## WORKING DATA
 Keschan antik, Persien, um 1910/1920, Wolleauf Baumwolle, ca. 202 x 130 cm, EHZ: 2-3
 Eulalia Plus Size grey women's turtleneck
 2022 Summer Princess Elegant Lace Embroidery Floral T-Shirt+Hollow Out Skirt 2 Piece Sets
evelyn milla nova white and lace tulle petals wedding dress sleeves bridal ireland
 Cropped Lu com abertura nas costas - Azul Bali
* * *
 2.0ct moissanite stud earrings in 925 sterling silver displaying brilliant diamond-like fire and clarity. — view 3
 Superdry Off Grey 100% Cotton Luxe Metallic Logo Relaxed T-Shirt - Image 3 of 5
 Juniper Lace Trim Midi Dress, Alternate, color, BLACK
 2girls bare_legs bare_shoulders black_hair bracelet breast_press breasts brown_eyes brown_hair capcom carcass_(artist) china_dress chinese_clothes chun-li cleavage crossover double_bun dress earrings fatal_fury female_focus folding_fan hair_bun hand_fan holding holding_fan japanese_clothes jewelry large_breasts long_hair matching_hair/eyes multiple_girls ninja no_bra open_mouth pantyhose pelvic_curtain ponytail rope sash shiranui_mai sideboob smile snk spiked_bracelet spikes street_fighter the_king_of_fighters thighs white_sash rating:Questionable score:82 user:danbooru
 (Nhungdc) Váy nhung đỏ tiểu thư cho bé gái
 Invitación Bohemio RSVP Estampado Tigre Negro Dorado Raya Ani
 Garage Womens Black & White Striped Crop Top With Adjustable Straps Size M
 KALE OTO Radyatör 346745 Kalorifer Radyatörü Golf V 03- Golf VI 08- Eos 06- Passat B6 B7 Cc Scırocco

## EXERCISE INSTRUCTIONS
Beginning at the line above with "Keschan antik, Persien, um" and finishing at the line with "evelyn milla nova", return each line exactly and return nothing else.

## RESULT FOR THIS EXERCISE
 Keschan antik, Persien, um 1910/1920, Wolleauf Baumwolle, ca. 202 x 130 cm, EHZ: 2-3
 Eulalia Plus Size grey women's turtleneck
 2022 Summer Princess Elegant Lace Embroidery Floral T-Shirt+Hollow Out Skirt 2 Piece Sets
evelyn milla nova white and lace tulle petals wedding dress sleeves bridal ireland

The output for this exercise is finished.